Dr. Vernon Morris
Director, NOAA Cooperative Science Center in Atmospheric
Sciences and Meteorology
Director, Atmospheric Sciences Program
Professor, Chemistry and Atmospheric Sciences
1840 7th Street, NW
Washington, DC 20001
Term: June 1, 2020 – May 31, 2023
Vernon Morris is a Professor in the Department of Chemistry and Director of the Atmospheric Sciences Program at Howard University. He is the Principal Investigator and Founding Director of the NOAA Cooperative Science Center in Atmospheric Sciences and Meteorology (NCAS-M). This multidisciplinary research and education organization is a thirteen-member academic research consortium that NCAS-M partners with NOAA’s National Weather Service (NWS), the National Satellite and Environmental Data Service (NESDIS), and Oceanic and Atmospheric Research (OAR) to advance scientific knowledge about the world’s atmosphere and societal responses to weather, climate, and air quality phenomena.
Dr. Morris also founded the HU Atmospheric Sciences Program (HUPAS). HUPAS is the first PhD-degree granting Atmospheric Sciences program at any minority-serving institution and is a national leader in the production of minority PhDs in its field. Over 50% of the African American and 30% of the Hispanic American PhDs in Atmospheric Sciences produced from 2006 to 2018 in the United States graduated from this program. 97% of the program’s alumni are working in their respective fields across federal agencies, the private sector, and academia.
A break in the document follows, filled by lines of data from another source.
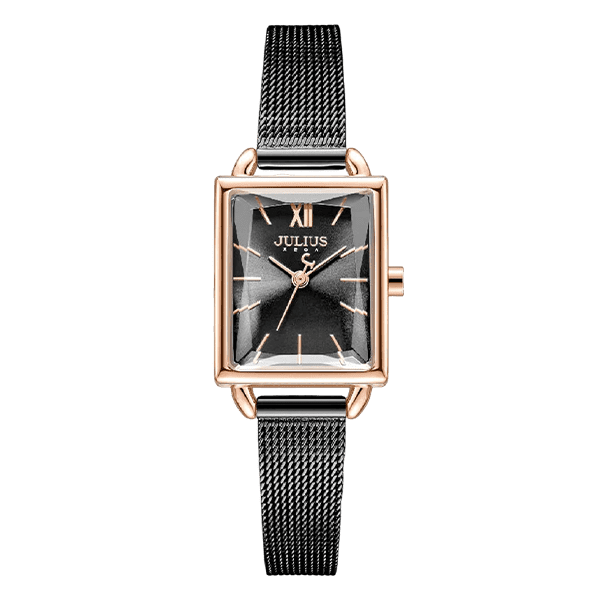 ساعت مچی زنانه جولیوس JA-1329d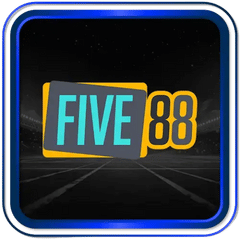 LiveScore 7 five88-favicon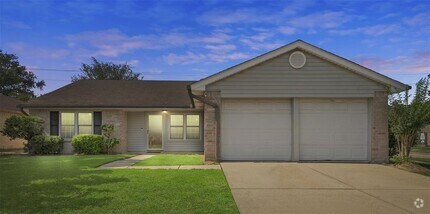 Building Photo - 4702 Owens Creek Ln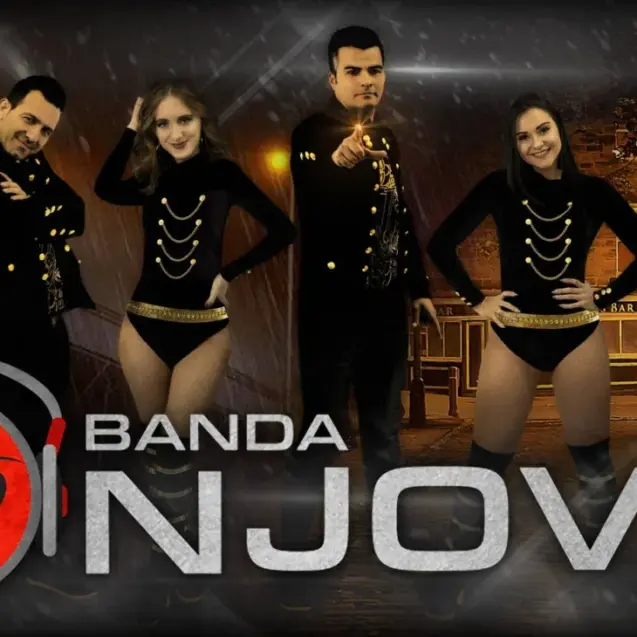 sonjovem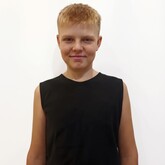 Antoni Madej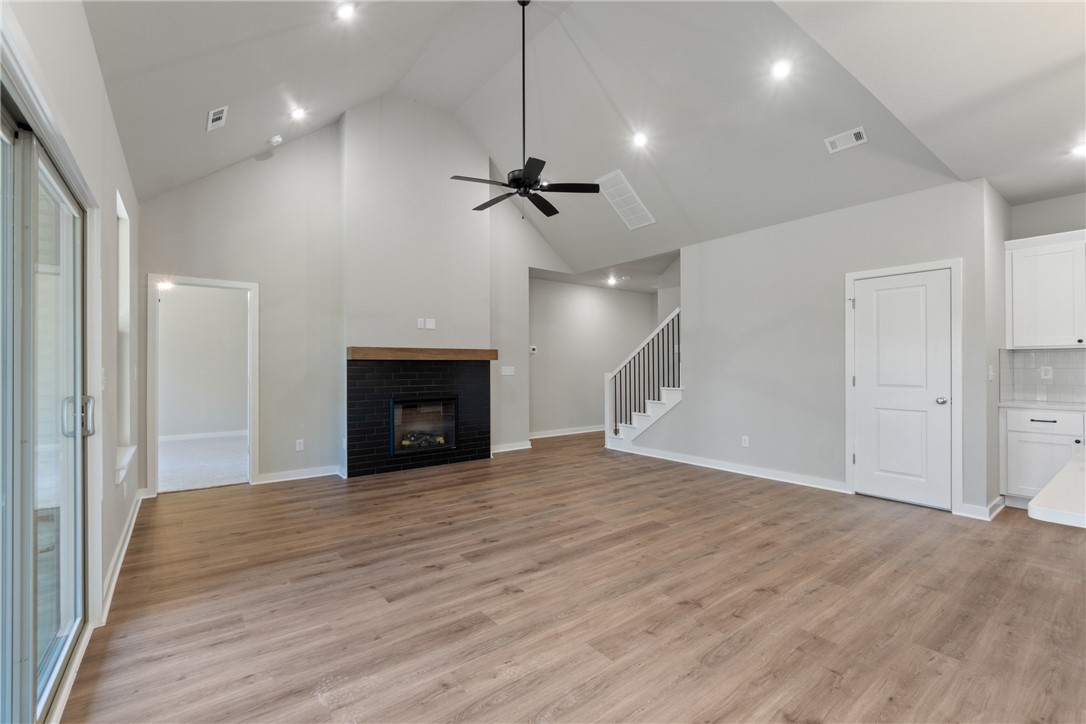 Wandsworth Sub Bvv - Residential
Dr. Morris’ research focuses on the chemical evolution of atmospheric particulate during transport and residence times in the lower troposphere and the implications to aerobiology, climate, and cloud processes. He has served as Chief Scientist for eleven trans-Atlantic science expeditions (the AERosols and Ocean Science Expeditions – AEROSE) aboard the National Oceanic and Atmospheric Administration (NOAA) class-1 research vessel, the Ronald H. Brown. Each time he led an international team of scientists in a multidisciplinary study of the influences and life cycle of atmospheric particles emitted from the Saharan Desert on the regional atmosphere and ocean. The AEROSE data represent the most extensive set of in situ observations of Saharan Air Layer in the Tropical Atlantic. These data have been used for improved satellite retrievals, data assimilation for hurricane and tropical storm forecasts, validation of NOAA, DoD, and European numerical weather prediction models, and improved parameterizations for global forecasts.
Dr. Morris is passionate about broadening the participation of underrepresented groups in science, technology, engineering, and mathematics (STEM). He has guided the research for more than 150 students at the graduate, undergraduate, and high school levels. His successful hands-on outreach programs and informal science education/exposure projects have reached over 50,000 students worldwide. Among the most notable are the network of high school weather camps (http://ncas.howard.edu/outreach-programs/weathercamp/), that managed camps in Puerto Rico, Washington, D.C., Jackson, Mississippi, and El Paso, Texas for eighteen years and provided nearly 800 students from underserved populations entre into career opportunities in atmospheric sciences.
In July 2020, Dr. Morris will join Arizona State University as Professor of Chemistry and Environmental Sciences and Director of the School of Mathematical and Natural Sciences at the New College.